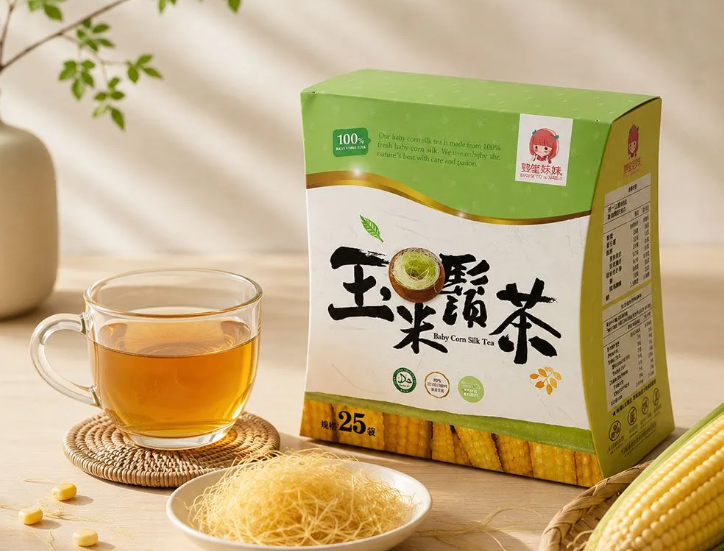 雙笙妹妹玉米鬚茶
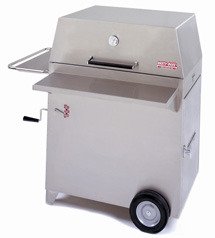 Hasty-Bake Legacy 132 Stainless Steel Charcoal Grill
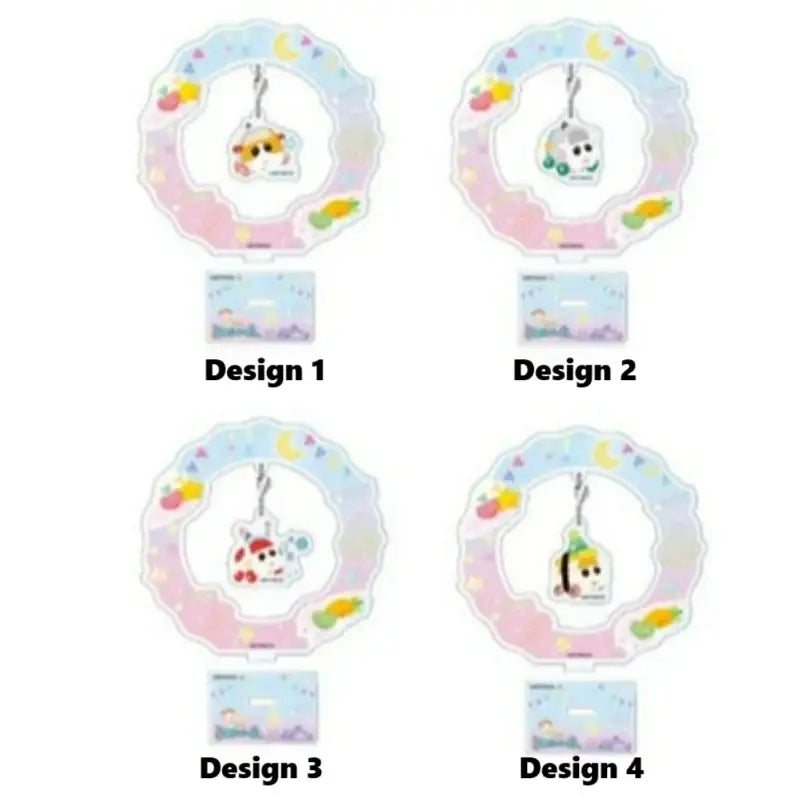 Pui Pui Molcar x Toonique - Night Sky Series Acrylic Stand - Toonique - Acrylic Stand - Harumio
•••••
• **Activity**
Please set the data above down exactly, with the pictures removed.

• **Task response**
 雙笙妹妹玉米鬚茶
 Hasty-Bake Legacy 132 Stainless Steel Charcoal Grill
 Pui Pui Molcar x Toonique - Night Sky Series Acrylic Stand - Toonique - Acrylic Stand - Harumio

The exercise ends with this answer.